In China, Lee pushes progress on trade pact
Lee communicated the intention to Hu during their summit talks in Beijing, said Kim Tae-hyo, deputy national security adviser to President Lee. Once Seoul completes its local procedures, it is possible the two sides could announce the start of formal trade talks in the first half of this year.
However, Kim said he can’t rule out a delay in launching free trade talks with China if exploratory talks to set parameters for any deal hit a snag or the move faces local resistance.
It was the first summit for Lee and Hu since North Korean leader Kim Jong-il died of a heart attack on Dec. 17, raising concerns that the abrupt death could disturb the status quo that has kept stability on the volatile Korean Peninsula.
The two leaders had “an in-depth discussion” about the situation on the Korean Peninsula and agreed to “work together for the sake of peace and stability,” the official said.
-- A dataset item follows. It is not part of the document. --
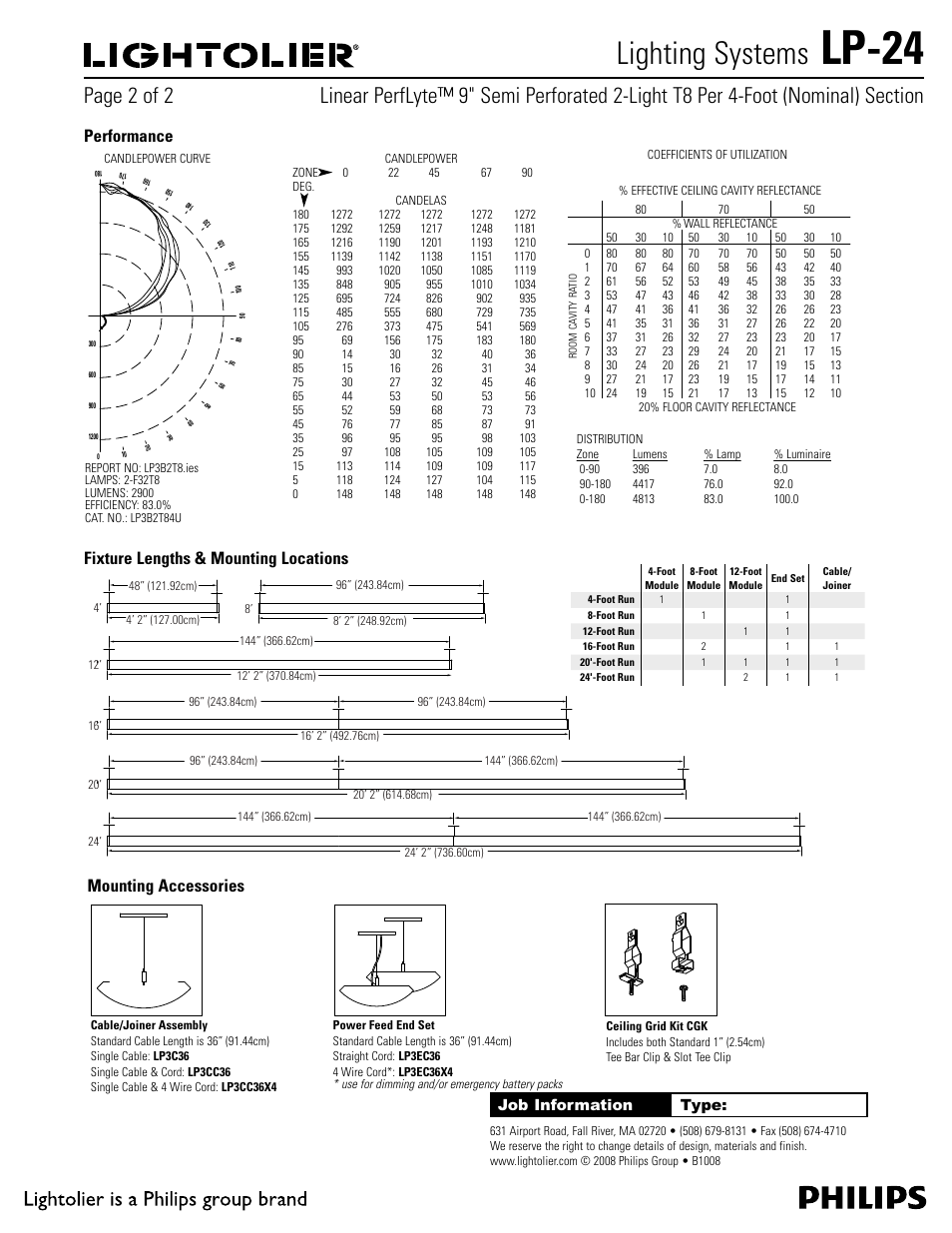 Lp-24, Lighting systems, Mounting accessories | Fixture lengths & mounting locations, Performance | Philips Linear Perflyte LP-24 User Manual | Page 2 / 2
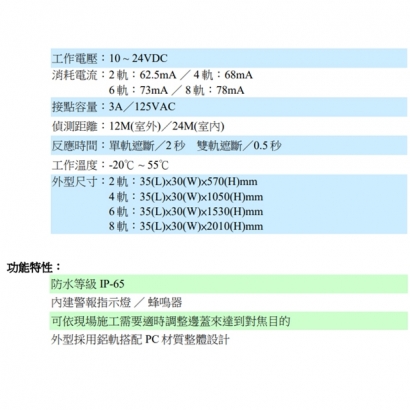 BS-400SH 多軌窗型紅外線偵測器-邊蓋可旋轉式 4軌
Since Kim’s death, his young and untested son, Kim Jong-un, has taken the helm of Pyongyang. Although the sensitive transfer of dynastic power to the new leader, believed to be 30 or 29, seems to be running smoothly, experts question whether the young Kim can consolidate his grip on power.
Little is known about the North’s new leader and the succession process has been shrouded in secrecy. Many analysts have forecast that Pyongyang may launch another provocation this year to solidify its internal political order.
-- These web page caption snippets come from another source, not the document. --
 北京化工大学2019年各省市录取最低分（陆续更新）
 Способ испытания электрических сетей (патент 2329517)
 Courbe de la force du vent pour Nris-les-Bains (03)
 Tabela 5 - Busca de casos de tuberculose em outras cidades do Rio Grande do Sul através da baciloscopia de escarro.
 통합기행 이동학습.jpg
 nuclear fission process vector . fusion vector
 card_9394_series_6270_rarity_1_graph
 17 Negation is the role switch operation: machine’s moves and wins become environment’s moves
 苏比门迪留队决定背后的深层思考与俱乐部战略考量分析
China, which has diplomatic relations with the two Koreas, is economically close to South Korea, but is North Korea’s main benefactor and ideological ally.
During the summit, Lee and Hu agreed to develop the strategic cooperative partnership between the two nations as they mark the 20th anniversary of establishing diplomatic relations, the official said.
Since 2008, South Korea and China have held a series of joint feasibility studies on a possible free trade deal and reached an agreement to exchange views on sensitive issues.
China is the largest buyer of South Korean-made goods and has contributed to Seoul’s sizable trade surplus in recent years, while South Korea is China’s third-largest trading partner after the United States and Japan.
Bilateral trade between the two reached $188.4 billion in 2010. Both countries are expecting the volume to top $300 billion in 2015, according to Seoul’s Ministry of Foreign Affairs and Trade.